I've been using spray mount adhesive until now, but its not very good, plus its really messy. I have read posts on here that people use watered down PVA glue applied to the platen with a squeegee. I tried this last week but it wasn't tacky enough. 

So what mix/recipie/ratio is everyone using?

I've got formaldehyde coated MDF platens. 

Thanks.


----------



## Alan Buffington (Oct 27, 2010)

In the past I have used water base table adhesive mixed down with 50% water. Use a plastic coke bottle with a cap with a hole in it. Squirt a real small amount onto pallet and spread with a dauber. Twist up a reject shirt, bind with tape until you have a flat 3-4" dauber and use this to spread the adhesive. You will lower adhesive costs considerably, eliminate fuzzy presses, ceilings and arms, and save your lungs. Works on tees better than fleece, fleece may still need the dreaded mist spray.


----------



## 13Graphics (Jul 20, 2009)

Buy some water based pallet adhesive. Then buy a 4" foam paint roller, and handle. Total investment will be around $40, and will last a good long while. 

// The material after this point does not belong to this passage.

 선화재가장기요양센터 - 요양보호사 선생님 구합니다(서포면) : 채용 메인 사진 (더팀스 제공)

I pour about a nickel sized drop of adhesive, and spread it over the area I need (or the whole platten if needed. then put the flash dryer over it for about 30 seconds. I've been using the same roller for about a year. It's sticky as hell, but still works great. If anything it spreads it to the perfect thickness now.

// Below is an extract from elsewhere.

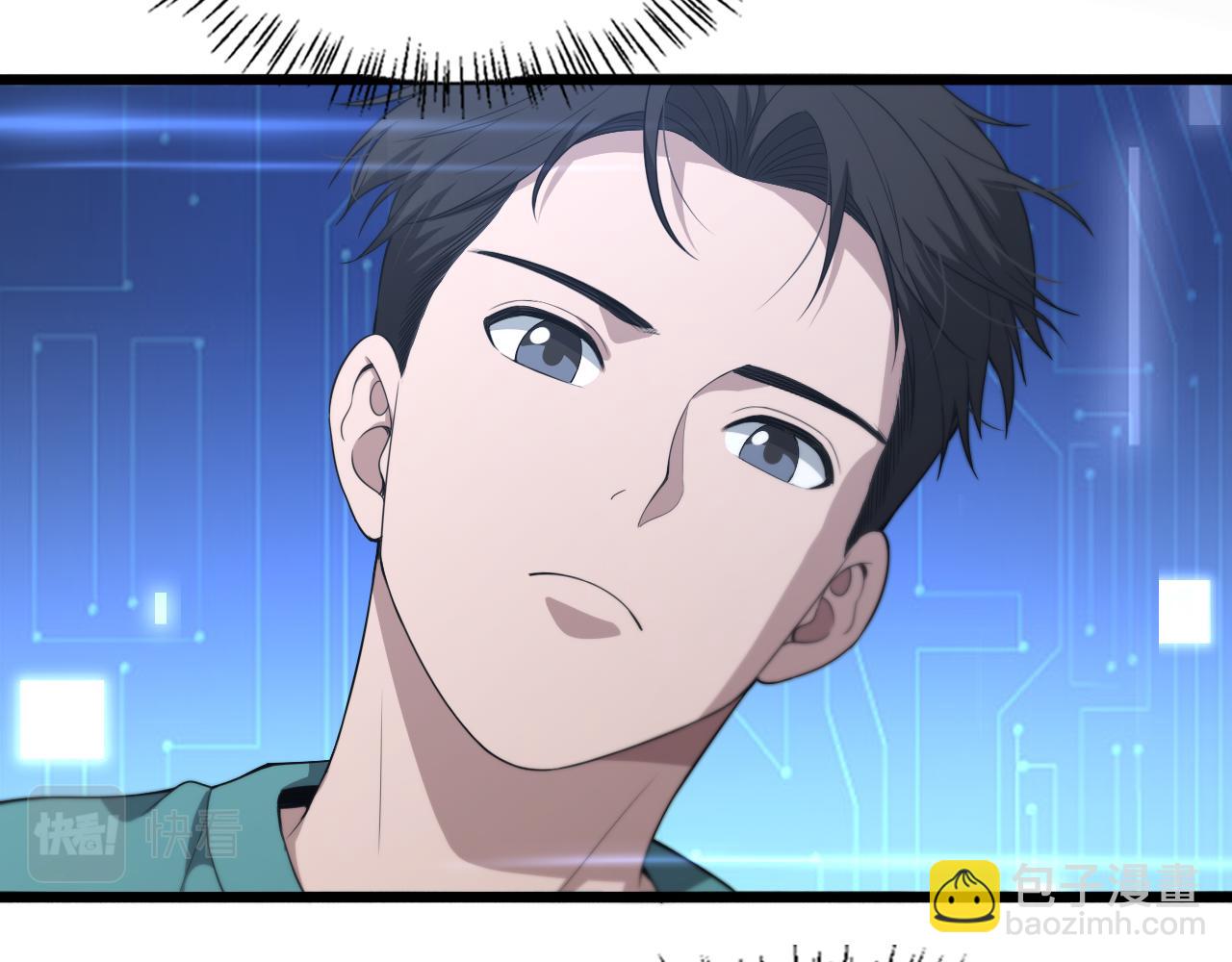🍼大医凌然 第225话  面向程序员的新项目组 第13页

If it's losing it's tack I spray some water, hit it with a scrub brush real quick, and flash it again. Takes about a minute. 

I would say that on my press I use about an once per 500 shirts, if that.


----------



## BroJames (Jul 8, 2008)

I use table adhesives sold by screen printing shops here. Mix it with about 30-50% water and use a 3" metal stripper to spread it across the platen. Others claimed to use it as is but I find it too sticky/tacky so I add water.

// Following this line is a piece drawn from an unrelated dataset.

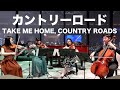 耳をすませば「カントリーロード」Whisper of the Heart "TAKE ME HOME, COUNTRY ROADS"/弦楽四重奏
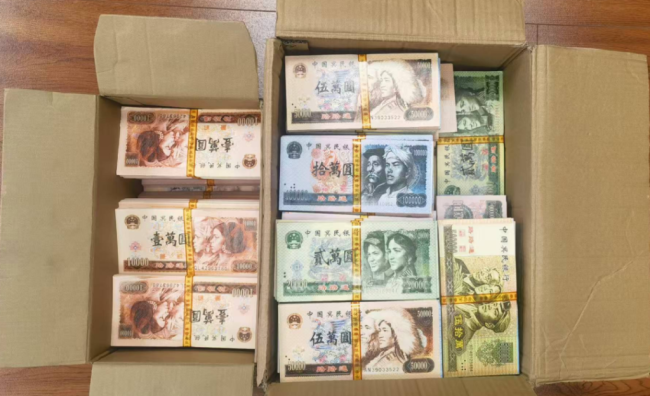三部門提醒“人民幣版”冥幣不可賣也不要用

The table adhesive looks. smells, and feels like elmer's white glue. I am not saying it is but probably a variant or has some additives.


----------



## DaveG (Aug 3, 2009)

fox said:


> ... what mix/recipie/ratio is everyone using?


 
From a couple of weeks ago:

http://www.t-shirtforums.com/screen-printing/t138250.html



DaveG


----------



## Alan Buffington (Oct 27, 2010)

less is more. You can add up to 50% water and still get good tack. If you put it on at 100% it is almost too tacky. As mentioned earlier you can re-tack by rubbing with a wet rag soaked in water. Automatics benefit from a thinned down adhesive as the adhesive is thinner and dries quick on warm pallets. Our ink jockey oftened performed the application during production to avoid stopping the press.


----------



## BroJames (Jul 8, 2008)

In the course if printing, if the platen needs more adhesive, I often use a spray adhesive. Used the wet rag method a few times but I guess I still have to get used to it. Usually forgot about it until after the spray.


----------